■ The task:
Give the lines again exactly as they appear, from the first line of the listing through the line containing "Today we're going", and omit every picture.
[[ Given material, beginning ]]
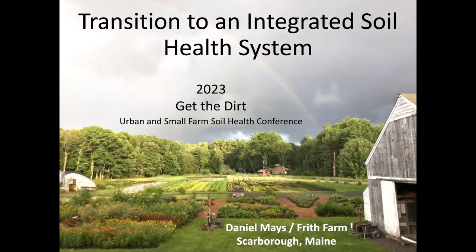Okay, everybody, if I could ask that everybody start taking their seats and getting comfortable. I'd like to introduce our next speaker. The topic is going to be transition to an integrated solar health system. None other than Mr. Daniel Mayes.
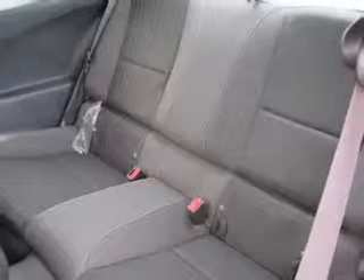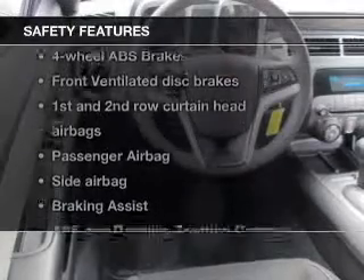Power door locks, power windows, cruise control, Bluetooth wireless, an AM-FM stereo with a CD player, satellite radio, and power mirrors.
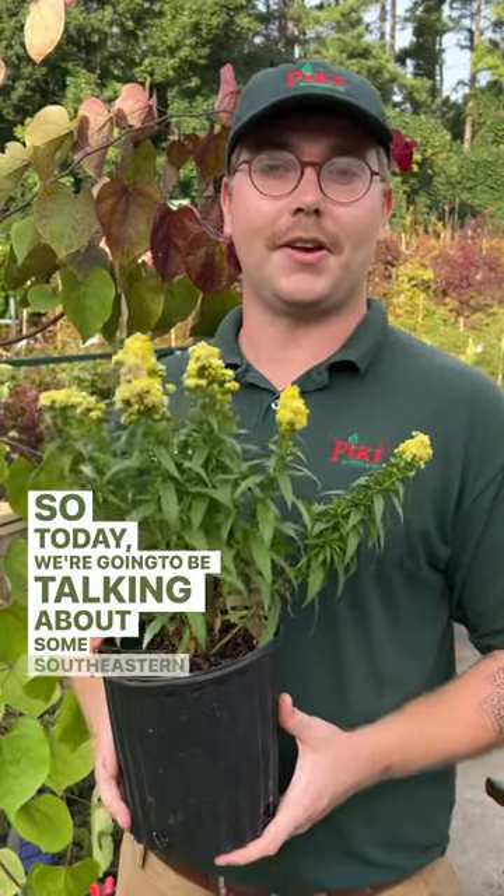Today we're going to be talking about some southeastern native perennials. These plants are great for supporting local pollinators and helping biodiversity.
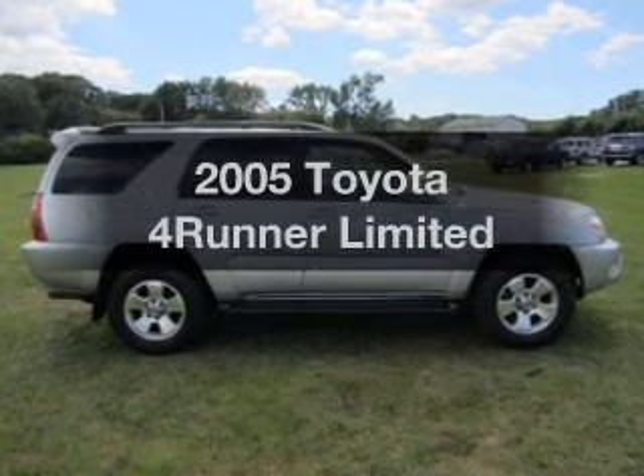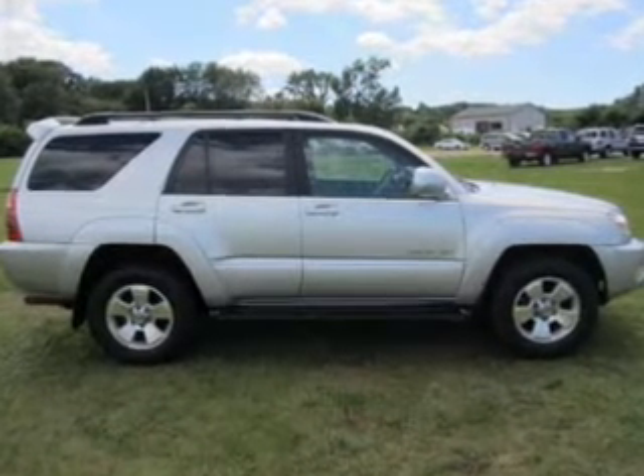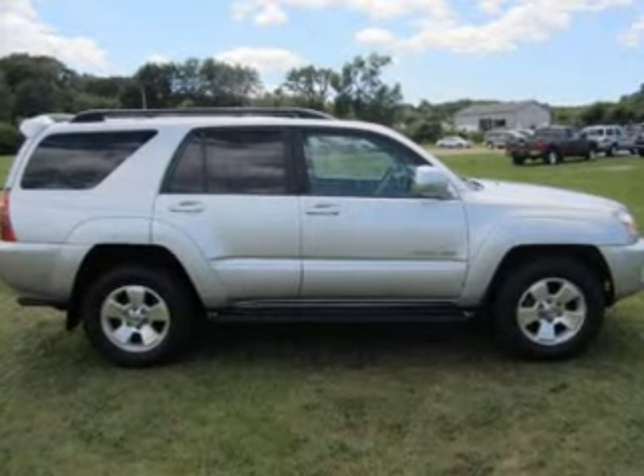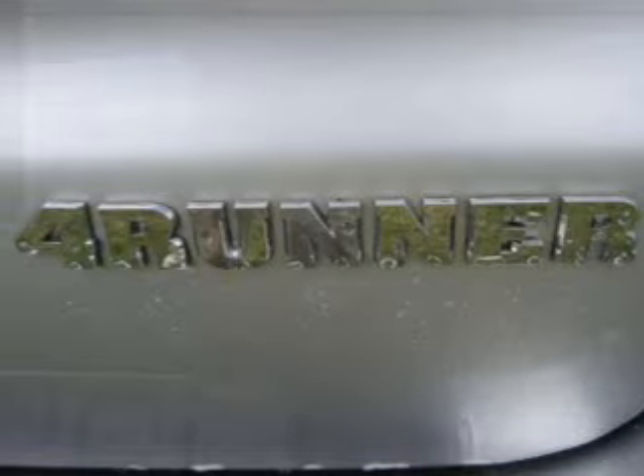Imagine yourself in this 2005 Toyota 4Runner. Find everything you want in a ride under one roof with this vehicle, with a powerful 8-cylinder engine that responds smoothly to its 5-speed automatic transmission.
[[ Given material, end ]]
■ Written response:
Okay, everybody, if I could ask that everybody start taking their seats and getting comfortable. I'd like to introduce our next speaker. The topic is going to be transition to an integrated solar health system. None other than Mr. Daniel Mayes.
Power door locks, power windows, cruise control, Bluetooth wireless, an AM-FM stereo with a CD player, satellite radio, and power mirrors.
Today we're going to be talking about some southeastern native perennials. These plants are great for supporting local pollinators and helping biodiversity.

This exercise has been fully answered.